╭──

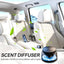 Automatic On/Off Car Scent Diffuser with 6 Lights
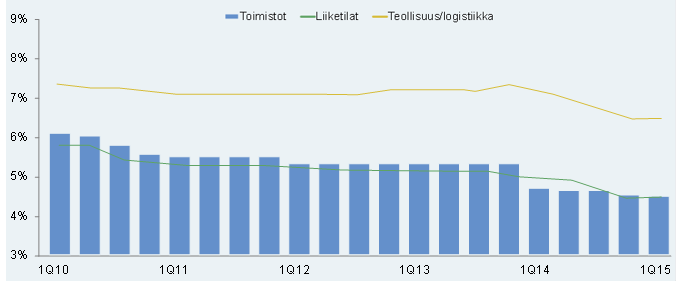 Prime-kohteiden tuotto Helsingissä 35 Norjan kiinteistömarkkinat 36 Kokonaisuutena katsottuna Norjan kiinteistömarkkinoita pidetään suhteellisen läpinäkyvinä ja markkinatiedot ovat laadukkaita.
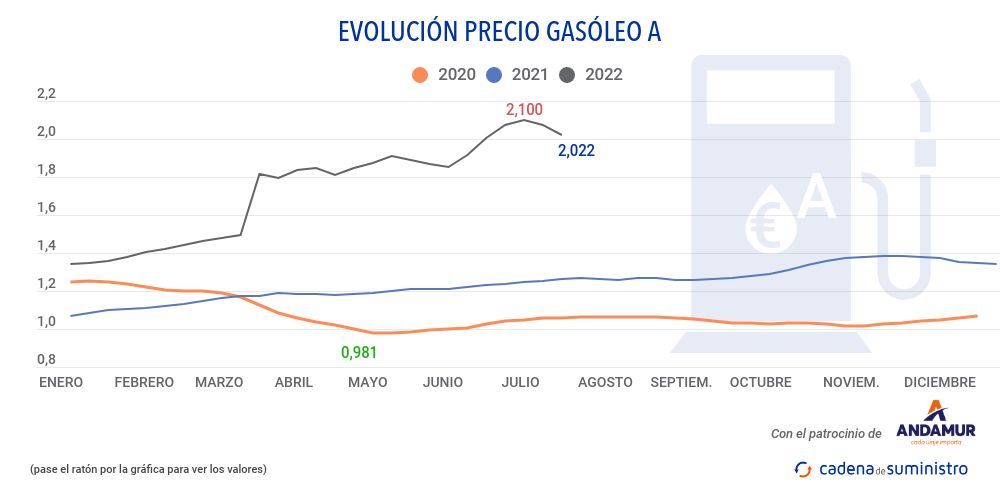 gasoleo-a-precio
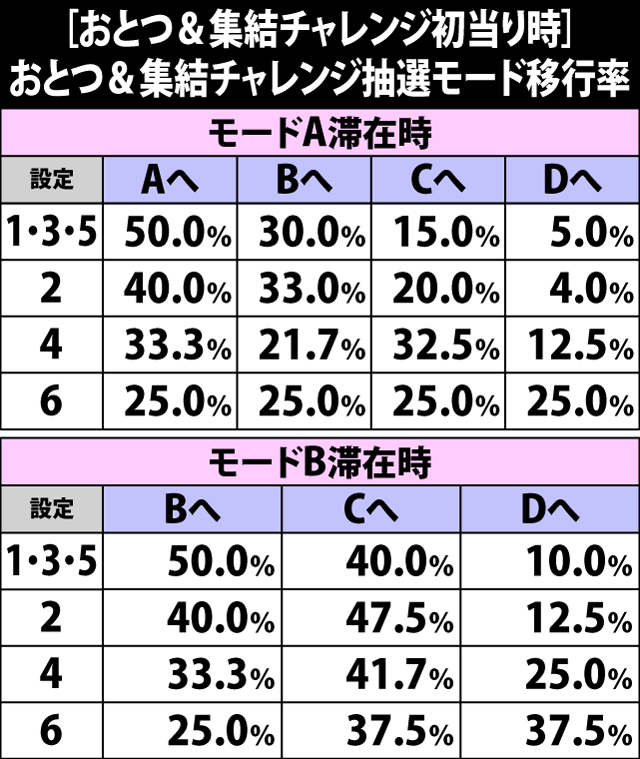 5.4.1 各チャレンジ初当り時・チャレンジ抽選モード移行率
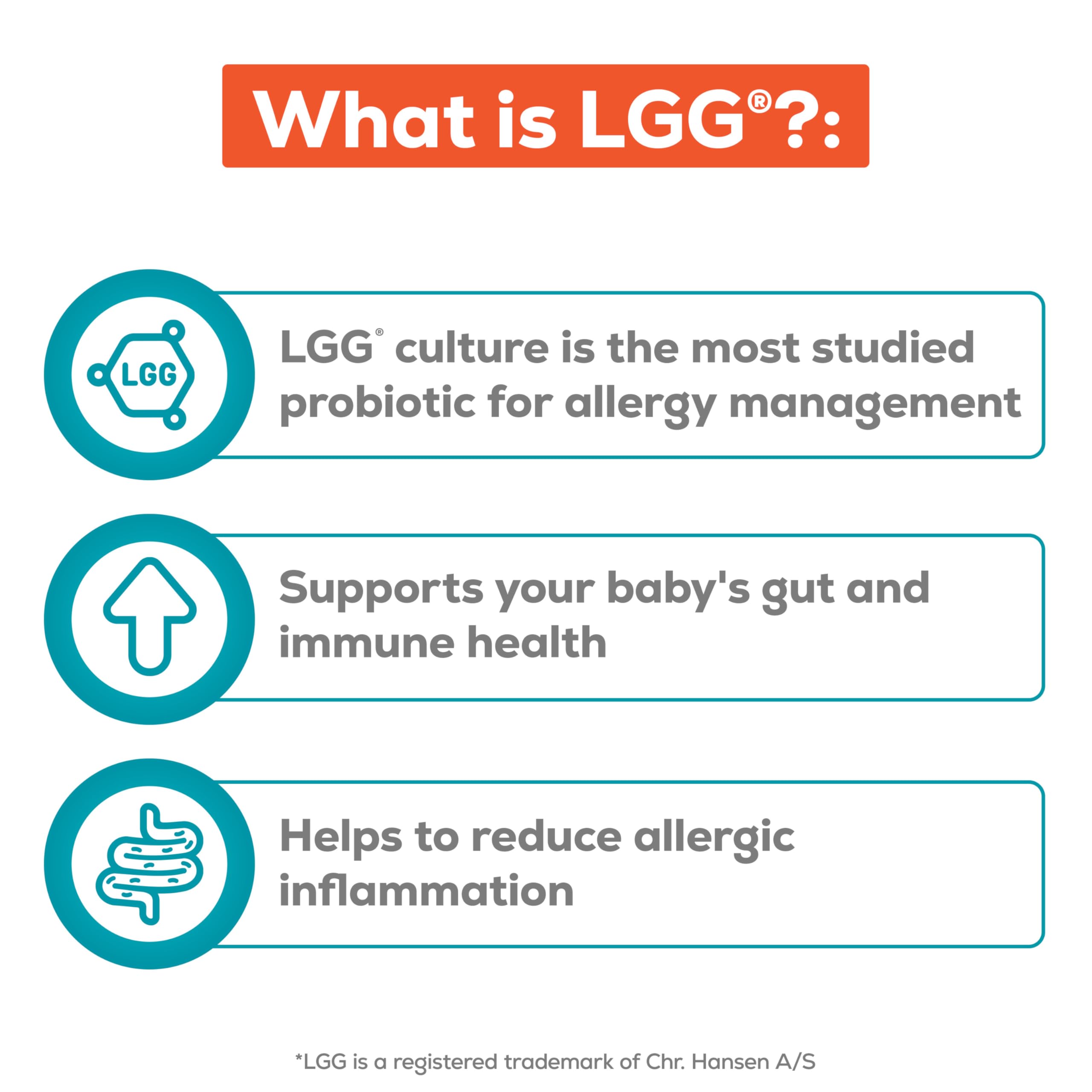 Enfamil Nutramigen Hypoallergenic Baby Formula with Iron, Lactose Free, Colic Relief from Cow's Milk Allergy Starts in 24 Hours, Brain Building DHA, Probiotic LGG for Immune Support, 27.8 Oz Can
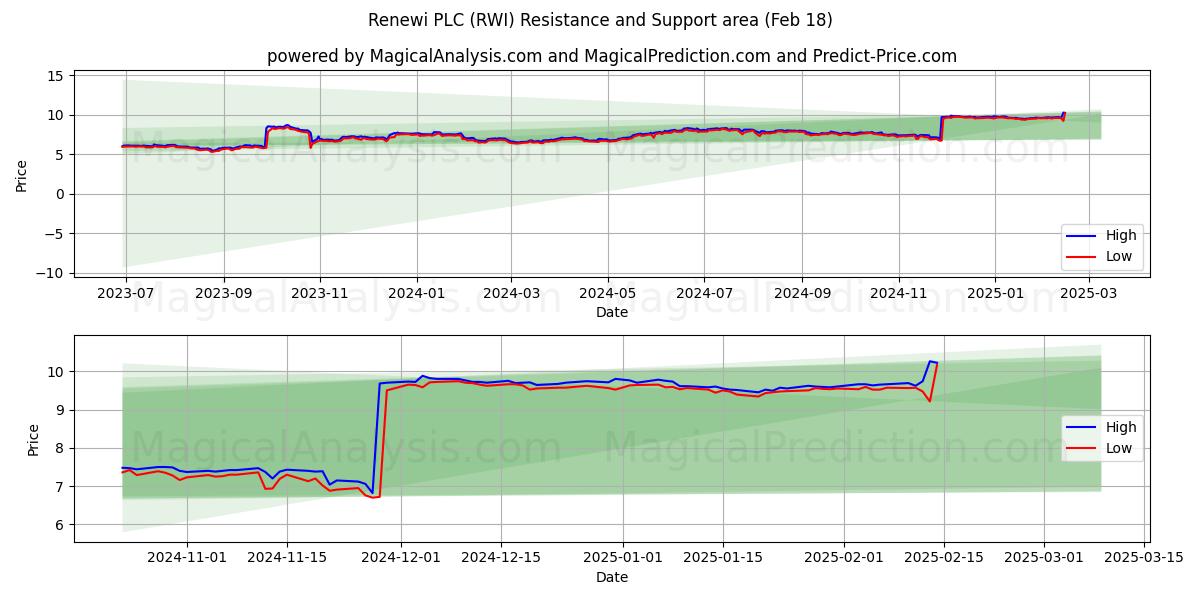  Renewi PLC (RWI) Support and Resistance area (06 Feb)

╰──

WHAT IS NEEDED –
All that is wanted is each line, word for word, from the first line of the data to the one holding "5.4.1 各チャレンジ初当り時・チャレンジ抽選モード移行率", with the pictures left out.

SOLUTION FOR THIS EXERCISE –
 Automatic On/Off Car Scent Diffuser with 6 Lights
 Prime-kohteiden tuotto Helsingissä 35 Norjan kiinteistömarkkinat 36 Kokonaisuutena katsottuna Norjan kiinteistömarkkinoita pidetään suhteellisen läpinäkyvinä ja markkinatiedot ovat laadukkaita.
 gasoleo-a-precio
 5.4.1 各チャレンジ初当り時・チャレンジ抽選モード移行率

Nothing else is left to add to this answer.